About this exercise => State how many lines in the records hold the word "Playa", giving the number and no other text.

Exercise materials =>

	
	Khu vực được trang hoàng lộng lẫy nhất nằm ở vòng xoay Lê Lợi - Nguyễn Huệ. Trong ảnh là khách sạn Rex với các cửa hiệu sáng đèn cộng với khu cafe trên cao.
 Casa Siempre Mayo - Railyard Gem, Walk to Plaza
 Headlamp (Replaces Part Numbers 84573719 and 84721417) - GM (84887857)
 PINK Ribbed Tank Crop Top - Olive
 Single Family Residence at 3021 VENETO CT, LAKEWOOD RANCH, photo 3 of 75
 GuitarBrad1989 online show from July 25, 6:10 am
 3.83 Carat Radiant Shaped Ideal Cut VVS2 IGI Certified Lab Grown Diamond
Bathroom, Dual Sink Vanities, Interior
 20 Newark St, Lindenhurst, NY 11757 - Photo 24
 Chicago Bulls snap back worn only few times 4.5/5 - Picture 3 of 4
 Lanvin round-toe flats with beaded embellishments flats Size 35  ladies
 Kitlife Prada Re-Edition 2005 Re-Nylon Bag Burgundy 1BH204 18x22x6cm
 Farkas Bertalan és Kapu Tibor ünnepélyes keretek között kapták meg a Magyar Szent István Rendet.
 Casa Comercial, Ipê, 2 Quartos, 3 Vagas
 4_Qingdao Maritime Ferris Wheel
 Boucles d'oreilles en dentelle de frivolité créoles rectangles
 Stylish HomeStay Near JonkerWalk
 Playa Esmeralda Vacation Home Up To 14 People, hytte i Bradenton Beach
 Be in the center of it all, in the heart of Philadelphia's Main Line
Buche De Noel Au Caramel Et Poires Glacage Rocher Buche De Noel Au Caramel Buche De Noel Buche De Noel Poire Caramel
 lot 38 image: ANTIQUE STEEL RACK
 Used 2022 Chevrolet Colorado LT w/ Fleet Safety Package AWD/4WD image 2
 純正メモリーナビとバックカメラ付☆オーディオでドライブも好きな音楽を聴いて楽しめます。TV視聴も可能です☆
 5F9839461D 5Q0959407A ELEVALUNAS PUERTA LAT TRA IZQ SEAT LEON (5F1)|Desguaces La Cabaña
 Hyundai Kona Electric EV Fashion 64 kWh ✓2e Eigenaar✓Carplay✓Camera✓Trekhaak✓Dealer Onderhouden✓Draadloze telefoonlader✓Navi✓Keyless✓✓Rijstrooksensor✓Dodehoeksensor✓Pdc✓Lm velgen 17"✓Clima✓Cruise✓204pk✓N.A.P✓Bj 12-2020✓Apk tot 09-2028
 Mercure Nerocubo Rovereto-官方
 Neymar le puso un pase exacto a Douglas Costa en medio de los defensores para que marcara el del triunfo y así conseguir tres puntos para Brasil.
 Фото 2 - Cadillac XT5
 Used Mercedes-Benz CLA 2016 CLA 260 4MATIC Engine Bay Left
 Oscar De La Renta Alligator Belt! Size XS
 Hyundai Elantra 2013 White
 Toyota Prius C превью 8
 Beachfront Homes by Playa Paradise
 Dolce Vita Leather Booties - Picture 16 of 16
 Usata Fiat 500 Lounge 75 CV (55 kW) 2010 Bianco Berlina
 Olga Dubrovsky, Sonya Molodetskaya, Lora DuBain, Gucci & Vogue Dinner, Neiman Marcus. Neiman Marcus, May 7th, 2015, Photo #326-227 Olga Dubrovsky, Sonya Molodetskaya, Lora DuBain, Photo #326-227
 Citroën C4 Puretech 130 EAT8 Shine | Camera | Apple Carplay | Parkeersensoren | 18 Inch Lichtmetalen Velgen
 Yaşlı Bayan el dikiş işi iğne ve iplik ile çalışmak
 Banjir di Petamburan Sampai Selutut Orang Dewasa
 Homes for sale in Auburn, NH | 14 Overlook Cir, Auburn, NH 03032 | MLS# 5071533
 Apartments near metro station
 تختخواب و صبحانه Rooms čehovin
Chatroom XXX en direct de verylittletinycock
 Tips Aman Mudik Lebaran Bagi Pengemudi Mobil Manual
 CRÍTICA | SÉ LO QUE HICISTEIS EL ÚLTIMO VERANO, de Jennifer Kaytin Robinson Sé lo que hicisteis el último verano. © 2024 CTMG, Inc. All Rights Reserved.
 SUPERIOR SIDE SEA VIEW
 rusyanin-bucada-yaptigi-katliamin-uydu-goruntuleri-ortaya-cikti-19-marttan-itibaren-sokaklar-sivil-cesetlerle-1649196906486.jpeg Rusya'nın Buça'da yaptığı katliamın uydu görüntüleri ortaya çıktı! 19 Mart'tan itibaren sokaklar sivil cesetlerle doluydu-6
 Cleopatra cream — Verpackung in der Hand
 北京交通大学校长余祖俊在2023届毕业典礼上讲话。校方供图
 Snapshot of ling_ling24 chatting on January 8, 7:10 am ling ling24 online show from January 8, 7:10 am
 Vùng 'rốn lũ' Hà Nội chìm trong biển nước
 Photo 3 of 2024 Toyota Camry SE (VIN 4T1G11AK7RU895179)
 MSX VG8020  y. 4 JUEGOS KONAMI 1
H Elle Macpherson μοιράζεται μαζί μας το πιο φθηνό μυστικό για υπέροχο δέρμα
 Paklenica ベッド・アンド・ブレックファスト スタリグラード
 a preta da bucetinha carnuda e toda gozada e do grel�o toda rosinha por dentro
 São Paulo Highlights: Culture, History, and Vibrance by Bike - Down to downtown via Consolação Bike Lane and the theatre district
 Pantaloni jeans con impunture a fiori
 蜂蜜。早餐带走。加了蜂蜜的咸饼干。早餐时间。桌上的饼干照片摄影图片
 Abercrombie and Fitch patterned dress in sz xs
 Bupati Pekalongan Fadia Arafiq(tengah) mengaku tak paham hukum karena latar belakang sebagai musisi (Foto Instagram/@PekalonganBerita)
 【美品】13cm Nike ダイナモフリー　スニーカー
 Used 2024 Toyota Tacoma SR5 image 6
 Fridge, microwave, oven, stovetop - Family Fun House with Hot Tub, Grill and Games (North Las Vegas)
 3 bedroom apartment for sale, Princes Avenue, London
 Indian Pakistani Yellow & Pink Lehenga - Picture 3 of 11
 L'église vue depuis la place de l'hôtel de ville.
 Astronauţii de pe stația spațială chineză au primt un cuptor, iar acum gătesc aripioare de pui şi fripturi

Solved exercise => 2